WHAT IS REQUIRED |
In the entries below, find the line with "nicht fassen. Großchance" and print exactly every line from there up to and including the line with "Newnan House: 23 Potomac Trl", with no other lines.

╭─ RECORDS FOR THIS EXERCISE

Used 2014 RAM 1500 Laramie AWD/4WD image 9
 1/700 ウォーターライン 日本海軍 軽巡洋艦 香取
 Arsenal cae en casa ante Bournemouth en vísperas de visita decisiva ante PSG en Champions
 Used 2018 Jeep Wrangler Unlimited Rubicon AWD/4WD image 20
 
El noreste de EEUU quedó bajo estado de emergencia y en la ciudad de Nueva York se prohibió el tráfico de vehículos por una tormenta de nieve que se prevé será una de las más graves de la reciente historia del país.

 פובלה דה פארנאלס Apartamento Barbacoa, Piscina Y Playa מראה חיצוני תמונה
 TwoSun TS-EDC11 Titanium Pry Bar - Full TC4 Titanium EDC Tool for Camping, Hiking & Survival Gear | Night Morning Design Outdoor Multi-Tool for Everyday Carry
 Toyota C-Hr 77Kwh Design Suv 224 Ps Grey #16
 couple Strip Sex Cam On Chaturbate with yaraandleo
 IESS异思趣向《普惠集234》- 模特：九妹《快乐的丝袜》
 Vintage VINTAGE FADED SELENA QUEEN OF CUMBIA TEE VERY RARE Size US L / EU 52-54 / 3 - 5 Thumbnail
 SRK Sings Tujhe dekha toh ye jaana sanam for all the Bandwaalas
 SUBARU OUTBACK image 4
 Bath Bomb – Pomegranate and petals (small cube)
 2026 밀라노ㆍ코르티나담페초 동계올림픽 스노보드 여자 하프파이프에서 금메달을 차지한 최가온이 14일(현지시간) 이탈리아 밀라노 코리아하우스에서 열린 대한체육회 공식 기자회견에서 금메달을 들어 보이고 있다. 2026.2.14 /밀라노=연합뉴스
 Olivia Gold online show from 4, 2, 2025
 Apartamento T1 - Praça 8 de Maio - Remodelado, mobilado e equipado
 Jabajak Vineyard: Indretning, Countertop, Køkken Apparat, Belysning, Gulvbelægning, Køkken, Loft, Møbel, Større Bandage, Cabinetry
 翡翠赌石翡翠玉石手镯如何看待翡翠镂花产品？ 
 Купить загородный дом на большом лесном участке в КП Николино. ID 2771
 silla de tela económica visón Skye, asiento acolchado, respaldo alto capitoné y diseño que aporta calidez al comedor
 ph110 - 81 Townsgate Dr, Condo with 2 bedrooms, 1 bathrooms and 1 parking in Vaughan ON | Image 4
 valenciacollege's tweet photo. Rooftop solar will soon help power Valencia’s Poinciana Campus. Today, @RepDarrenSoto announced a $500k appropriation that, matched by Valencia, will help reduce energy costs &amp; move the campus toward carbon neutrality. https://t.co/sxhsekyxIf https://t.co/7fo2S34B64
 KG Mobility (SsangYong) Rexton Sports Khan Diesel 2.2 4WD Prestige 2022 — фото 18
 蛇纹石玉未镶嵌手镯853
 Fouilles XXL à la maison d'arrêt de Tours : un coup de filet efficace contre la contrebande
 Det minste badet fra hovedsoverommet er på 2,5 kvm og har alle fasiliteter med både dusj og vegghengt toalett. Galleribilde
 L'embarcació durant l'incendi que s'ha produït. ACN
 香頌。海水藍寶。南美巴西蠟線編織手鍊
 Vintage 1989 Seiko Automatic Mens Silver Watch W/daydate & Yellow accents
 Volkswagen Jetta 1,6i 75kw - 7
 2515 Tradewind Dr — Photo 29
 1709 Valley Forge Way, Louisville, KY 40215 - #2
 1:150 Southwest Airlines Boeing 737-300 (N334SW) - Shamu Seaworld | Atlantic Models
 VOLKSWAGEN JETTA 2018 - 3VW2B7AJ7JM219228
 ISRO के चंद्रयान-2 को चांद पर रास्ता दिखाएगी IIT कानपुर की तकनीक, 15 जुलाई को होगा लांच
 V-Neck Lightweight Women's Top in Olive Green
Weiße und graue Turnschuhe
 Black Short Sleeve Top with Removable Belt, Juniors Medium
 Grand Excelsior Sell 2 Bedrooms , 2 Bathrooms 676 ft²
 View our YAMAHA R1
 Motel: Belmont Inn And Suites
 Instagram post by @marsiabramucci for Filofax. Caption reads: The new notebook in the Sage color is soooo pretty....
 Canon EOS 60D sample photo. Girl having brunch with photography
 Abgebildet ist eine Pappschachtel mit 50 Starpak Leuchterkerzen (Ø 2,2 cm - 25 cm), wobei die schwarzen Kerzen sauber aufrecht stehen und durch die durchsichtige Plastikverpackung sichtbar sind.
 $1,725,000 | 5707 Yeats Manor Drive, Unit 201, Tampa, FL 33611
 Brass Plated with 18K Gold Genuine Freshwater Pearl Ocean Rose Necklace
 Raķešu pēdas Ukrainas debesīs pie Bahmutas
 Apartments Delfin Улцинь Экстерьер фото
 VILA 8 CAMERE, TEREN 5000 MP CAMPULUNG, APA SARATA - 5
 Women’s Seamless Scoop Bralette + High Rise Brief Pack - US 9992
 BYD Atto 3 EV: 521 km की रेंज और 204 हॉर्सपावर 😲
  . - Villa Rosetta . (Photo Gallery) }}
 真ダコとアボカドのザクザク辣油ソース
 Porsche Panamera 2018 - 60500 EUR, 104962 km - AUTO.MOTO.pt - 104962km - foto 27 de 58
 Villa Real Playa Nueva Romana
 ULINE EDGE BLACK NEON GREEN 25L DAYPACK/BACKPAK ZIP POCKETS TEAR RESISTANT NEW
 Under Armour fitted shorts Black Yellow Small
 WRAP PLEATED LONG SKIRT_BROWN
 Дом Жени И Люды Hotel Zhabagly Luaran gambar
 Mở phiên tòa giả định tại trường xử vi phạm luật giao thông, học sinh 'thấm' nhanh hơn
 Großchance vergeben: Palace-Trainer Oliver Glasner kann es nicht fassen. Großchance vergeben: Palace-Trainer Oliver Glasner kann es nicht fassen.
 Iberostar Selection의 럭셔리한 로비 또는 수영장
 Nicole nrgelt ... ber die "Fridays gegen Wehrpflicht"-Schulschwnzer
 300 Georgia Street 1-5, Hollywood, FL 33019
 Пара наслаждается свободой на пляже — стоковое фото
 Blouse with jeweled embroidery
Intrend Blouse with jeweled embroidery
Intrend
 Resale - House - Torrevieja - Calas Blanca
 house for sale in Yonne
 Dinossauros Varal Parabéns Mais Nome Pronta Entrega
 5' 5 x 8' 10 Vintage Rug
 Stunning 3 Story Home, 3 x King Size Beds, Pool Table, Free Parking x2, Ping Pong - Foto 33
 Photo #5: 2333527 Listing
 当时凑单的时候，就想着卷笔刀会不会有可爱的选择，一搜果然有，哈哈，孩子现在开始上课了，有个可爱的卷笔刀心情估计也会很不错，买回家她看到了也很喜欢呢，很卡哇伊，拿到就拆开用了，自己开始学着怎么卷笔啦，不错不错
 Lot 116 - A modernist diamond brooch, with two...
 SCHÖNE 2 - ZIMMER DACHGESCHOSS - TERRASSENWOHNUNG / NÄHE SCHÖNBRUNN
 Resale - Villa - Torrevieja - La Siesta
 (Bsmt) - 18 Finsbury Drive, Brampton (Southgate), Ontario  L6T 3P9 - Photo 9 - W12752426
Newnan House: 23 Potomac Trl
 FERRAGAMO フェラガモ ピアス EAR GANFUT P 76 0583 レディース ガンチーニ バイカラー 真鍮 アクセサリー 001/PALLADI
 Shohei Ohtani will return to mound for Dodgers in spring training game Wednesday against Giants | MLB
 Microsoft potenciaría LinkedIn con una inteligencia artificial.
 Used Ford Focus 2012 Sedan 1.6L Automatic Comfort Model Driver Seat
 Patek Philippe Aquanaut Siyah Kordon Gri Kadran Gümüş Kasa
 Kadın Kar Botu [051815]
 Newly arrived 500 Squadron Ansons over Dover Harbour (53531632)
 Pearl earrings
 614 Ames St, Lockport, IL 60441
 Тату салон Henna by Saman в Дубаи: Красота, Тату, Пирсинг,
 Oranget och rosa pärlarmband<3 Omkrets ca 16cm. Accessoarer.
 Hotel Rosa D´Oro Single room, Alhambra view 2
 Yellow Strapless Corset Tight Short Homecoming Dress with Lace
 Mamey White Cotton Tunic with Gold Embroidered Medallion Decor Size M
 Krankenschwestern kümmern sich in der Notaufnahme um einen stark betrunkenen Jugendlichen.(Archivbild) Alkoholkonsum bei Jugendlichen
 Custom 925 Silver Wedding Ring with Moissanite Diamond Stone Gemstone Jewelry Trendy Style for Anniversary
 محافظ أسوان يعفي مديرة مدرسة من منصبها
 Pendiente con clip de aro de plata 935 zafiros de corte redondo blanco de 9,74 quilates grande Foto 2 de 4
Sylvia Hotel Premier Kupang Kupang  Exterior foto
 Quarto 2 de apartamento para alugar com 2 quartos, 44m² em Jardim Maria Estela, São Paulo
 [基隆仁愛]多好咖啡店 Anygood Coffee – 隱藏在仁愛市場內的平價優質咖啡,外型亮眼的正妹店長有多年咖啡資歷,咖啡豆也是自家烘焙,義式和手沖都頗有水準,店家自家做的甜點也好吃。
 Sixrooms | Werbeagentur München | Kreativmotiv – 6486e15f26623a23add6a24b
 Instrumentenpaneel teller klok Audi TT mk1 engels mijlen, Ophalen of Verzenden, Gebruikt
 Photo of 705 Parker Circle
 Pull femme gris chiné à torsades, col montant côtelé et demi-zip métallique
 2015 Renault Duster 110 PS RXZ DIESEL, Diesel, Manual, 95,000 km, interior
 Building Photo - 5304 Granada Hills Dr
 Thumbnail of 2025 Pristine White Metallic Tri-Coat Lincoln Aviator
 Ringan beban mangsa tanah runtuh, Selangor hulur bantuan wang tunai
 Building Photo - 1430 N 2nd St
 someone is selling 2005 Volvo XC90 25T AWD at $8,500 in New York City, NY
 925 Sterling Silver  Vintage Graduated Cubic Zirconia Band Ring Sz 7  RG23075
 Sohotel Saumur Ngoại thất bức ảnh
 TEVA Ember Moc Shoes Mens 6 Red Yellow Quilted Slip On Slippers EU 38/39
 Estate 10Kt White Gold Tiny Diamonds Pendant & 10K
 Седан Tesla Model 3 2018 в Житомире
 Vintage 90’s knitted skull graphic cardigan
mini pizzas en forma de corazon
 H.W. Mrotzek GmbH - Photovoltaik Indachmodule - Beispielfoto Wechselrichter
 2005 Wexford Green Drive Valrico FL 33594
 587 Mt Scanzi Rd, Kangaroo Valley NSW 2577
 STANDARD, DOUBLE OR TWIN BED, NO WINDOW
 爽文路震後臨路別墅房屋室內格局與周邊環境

╰─

OUTPUT |
 Großchance vergeben: Palace-Trainer Oliver Glasner kann es nicht fassen. Großchance vergeben: Palace-Trainer Oliver Glasner kann es nicht fassen.
 Iberostar Selection의 럭셔리한 로비 또는 수영장
 Nicole nrgelt ... ber die "Fridays gegen Wehrpflicht"-Schulschwnzer
 300 Georgia Street 1-5, Hollywood, FL 33019
 Пара наслаждается свободой на пляже — стоковое фото
 Blouse with jeweled embroidery
Intrend Blouse with jeweled embroidery
Intrend
 Resale - House - Torrevieja - Calas Blanca
 house for sale in Yonne
 Dinossauros Varal Parabéns Mais Nome Pronta Entrega
 5' 5 x 8' 10 Vintage Rug
 Stunning 3 Story Home, 3 x King Size Beds, Pool Table, Free Parking x2, Ping Pong - Foto 33
 Photo #5: 2333527 Listing
 当时凑单的时候，就想着卷笔刀会不会有可爱的选择，一搜果然有，哈哈，孩子现在开始上课了，有个可爱的卷笔刀心情估计也会很不错，买回家她看到了也很喜欢呢，很卡哇伊，拿到就拆开用了，自己开始学着怎么卷笔啦，不错不错
 Lot 116 - A modernist diamond brooch, with two...
 SCHÖNE 2 - ZIMMER DACHGESCHOSS - TERRASSENWOHNUNG / NÄHE SCHÖNBRUNN
 Resale - Villa - Torrevieja - La Siesta
 (Bsmt) - 18 Finsbury Drive, Brampton (Southgate), Ontario  L6T 3P9 - Photo 9 - W12752426
Newnan House: 23 Potomac Trl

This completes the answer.